So this is about a mechanism of love that works independently of the ones more directly involved in reproduction such as sexual attraction, romantic infatuation or the joy of childrearing. The ontological question of whether it's all the same love in the end, or whether there are various types of love that go well together, doesn't strike me as productive. I should say I think that when you "love" a cake with whipped cream on it you're doing something different from the following.


My most salient confusion about love was why the hell showing vulnerability is so central to it. Maybe “vulnerability is attractive” seems like a normal idea to many, but it doesn't explain why that would be the case, and I found the idea deeply suspect for decades because it isn't how I grew up. But I had to concede that every time I tried it, it worked disconcertingly well. Every time I was vulnerable to someone, I liked them a lot better afterwards, and as far as I could tell they liked me better too. What? Why? Isn't love just about attraction, compatible personalities, shared projects and aligned values? None of those seem obviously enhanced by vulnerability. What’s going on? The following is how I answered this confusion.

When our brains evolved in groups of social apes in the savannah, we cooperated intensely. Many species do this, but unlike other species who do it on autopilot, we did it flexibly, dependent on the specific level of trust between the individuals involved.

Imagine a typical Tuesday on the African savannah a million years ago. You're one of a troop of four hungry humans noisily rushing a group of antelopes towards a cliff, where you know their superior speed won't help them escape you anymore. One of you spots a sabertooth prowling behind you. What is the optimal strategy here? You can chase away the sabertooth if you all shout and throw a lot of stones in its general direction, but then the antelopes will get away. You can keep chasing the antelopes, but then you run the risk the sabertooth will get close and savage your troop. What you should do is split up: one or two of you need to distract the sabertooth and signal to it that it has been spotted, while the rest of you need to get those antelopes. But this is hard to do. The cost in personal risk has to be distributed unevenly! Either team can fail at its task, and once you stop all watching each other, either team can defect and claim an honest mistake. The two tasks need different traits and skills, and you might not be in agreement who has got how much of what. But if you start a group discussion of who does which task, you won't get the antelopes either. So you need to arrive at a tactical solution promptly. The human way to do this takes trust between your troop members: whatever way your troop is organized, at some point some of you have to go along with someone else's quick decision.
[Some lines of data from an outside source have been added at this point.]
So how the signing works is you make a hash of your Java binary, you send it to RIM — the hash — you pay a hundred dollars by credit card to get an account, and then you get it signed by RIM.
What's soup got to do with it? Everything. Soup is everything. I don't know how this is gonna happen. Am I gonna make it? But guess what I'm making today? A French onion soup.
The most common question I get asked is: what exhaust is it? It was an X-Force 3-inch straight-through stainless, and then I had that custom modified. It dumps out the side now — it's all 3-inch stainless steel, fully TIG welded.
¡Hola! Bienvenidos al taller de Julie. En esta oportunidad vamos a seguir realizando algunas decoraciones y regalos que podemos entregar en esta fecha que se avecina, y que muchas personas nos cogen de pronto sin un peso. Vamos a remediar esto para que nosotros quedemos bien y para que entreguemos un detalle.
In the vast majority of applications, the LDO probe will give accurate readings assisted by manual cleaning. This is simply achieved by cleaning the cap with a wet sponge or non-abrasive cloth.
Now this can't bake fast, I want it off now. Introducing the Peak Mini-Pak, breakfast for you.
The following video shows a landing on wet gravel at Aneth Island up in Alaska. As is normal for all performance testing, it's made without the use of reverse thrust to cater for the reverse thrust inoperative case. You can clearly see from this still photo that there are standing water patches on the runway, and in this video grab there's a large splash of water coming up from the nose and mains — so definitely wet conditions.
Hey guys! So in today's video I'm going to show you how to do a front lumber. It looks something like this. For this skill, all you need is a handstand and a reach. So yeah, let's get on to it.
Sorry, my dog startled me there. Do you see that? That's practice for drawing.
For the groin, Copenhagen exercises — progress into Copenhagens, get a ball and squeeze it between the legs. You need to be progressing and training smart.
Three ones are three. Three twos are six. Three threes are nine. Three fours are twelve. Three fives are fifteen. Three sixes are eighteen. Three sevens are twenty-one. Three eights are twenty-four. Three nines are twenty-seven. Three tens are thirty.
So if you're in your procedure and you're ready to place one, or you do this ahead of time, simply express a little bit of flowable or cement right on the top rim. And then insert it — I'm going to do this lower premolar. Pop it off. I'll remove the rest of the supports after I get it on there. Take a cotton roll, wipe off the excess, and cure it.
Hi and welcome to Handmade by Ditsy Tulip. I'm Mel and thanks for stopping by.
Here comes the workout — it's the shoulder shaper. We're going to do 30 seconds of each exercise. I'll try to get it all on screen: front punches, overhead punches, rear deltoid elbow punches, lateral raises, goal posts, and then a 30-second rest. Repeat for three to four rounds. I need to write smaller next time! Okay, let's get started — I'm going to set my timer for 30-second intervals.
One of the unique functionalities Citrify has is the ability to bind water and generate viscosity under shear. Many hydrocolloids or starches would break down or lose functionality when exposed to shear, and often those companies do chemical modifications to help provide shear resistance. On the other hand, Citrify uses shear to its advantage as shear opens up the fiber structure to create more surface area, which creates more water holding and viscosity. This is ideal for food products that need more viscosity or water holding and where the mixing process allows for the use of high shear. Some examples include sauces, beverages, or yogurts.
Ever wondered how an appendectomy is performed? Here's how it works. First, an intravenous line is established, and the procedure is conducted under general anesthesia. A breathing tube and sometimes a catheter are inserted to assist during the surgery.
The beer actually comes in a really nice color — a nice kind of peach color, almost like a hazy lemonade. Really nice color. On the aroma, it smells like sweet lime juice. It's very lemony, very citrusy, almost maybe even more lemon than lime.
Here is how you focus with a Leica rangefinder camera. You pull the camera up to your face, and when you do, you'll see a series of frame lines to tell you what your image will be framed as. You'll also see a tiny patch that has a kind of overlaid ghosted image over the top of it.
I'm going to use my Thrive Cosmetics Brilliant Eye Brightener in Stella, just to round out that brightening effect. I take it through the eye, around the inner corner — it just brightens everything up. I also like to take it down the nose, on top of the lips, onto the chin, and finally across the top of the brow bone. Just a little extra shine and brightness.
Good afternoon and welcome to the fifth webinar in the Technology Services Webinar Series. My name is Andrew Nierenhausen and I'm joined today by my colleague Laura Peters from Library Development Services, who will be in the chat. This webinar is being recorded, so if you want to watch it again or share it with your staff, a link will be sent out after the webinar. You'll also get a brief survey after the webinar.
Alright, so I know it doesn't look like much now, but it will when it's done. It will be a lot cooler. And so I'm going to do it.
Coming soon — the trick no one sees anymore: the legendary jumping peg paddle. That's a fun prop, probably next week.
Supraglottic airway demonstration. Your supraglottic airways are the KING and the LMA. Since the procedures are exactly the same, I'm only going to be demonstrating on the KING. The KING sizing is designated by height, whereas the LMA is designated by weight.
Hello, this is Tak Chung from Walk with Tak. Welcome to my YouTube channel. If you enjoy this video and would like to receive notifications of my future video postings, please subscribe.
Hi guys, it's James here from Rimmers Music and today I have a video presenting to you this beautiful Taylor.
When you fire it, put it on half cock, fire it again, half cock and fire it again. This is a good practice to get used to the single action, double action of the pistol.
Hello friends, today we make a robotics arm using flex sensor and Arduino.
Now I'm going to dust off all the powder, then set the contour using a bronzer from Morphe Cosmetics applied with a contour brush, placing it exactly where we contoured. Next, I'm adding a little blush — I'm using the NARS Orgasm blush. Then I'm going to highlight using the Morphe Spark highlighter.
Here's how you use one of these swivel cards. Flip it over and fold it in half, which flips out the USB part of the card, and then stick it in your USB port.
Evolution builds us for our environment, and the environment of the individual that most strongly determines reproductive success is not the savannah, but the group. I agree with theorists like Robin Hanson and Kevin Simler who think an arms race developed: everyone required the trust of others, but sometimes abusing the trust of others was advantageous, so the abilities to conceal motives, and to infer them despite attempts at concealment, reinforced each other’s fitness value. After a couple of thousand generations, and millions of situations like the above, the evolutionary environment had changed. It is now a group of people who you need to trust you, and who are now more or less able to tell whether they should. How do you adapt to that? You need to be honestly trustworthy.

The simple way to be trustworthy is to be harmless and unable to deceive anybody. But that doesn't work because it sets you up for exploitation. So your trustworthiness needs to be selective – and that's what love does. You're trustworthy to someone who thinks that you love them. And you’re robustly trustworthy to someone who correctly knows that you genuinely love them.


Love is an answer, but it is a costly/risky one, because it constrains how you can act towards those you love and what those you love care about, and the distress of loved ones is contagious. So you can be exploited by those you love! Less costly/risky methods of becoming trustworthy should be evolutionarily favored, if they are comparably effective.

Deception is cheaper in many ways. And it works some of the time, which is how the whole arms race of trustworthiness signaling and judging trustworthiness got started. But deception gets riskier the more true information on the deceiver the to-be-deceived-person (deceivee?) has. As you get “seen through” more and more, there comes a point where your deception doesn't work reliably anymore. The person who you want to trust you holds too many pieces of information that might create a contradiction and expose the deception. So if you want the trust of someone who knows you very well, you have to genuinely have good intentions towards them, because they can tell whether you do. So that's where the love reaction happens.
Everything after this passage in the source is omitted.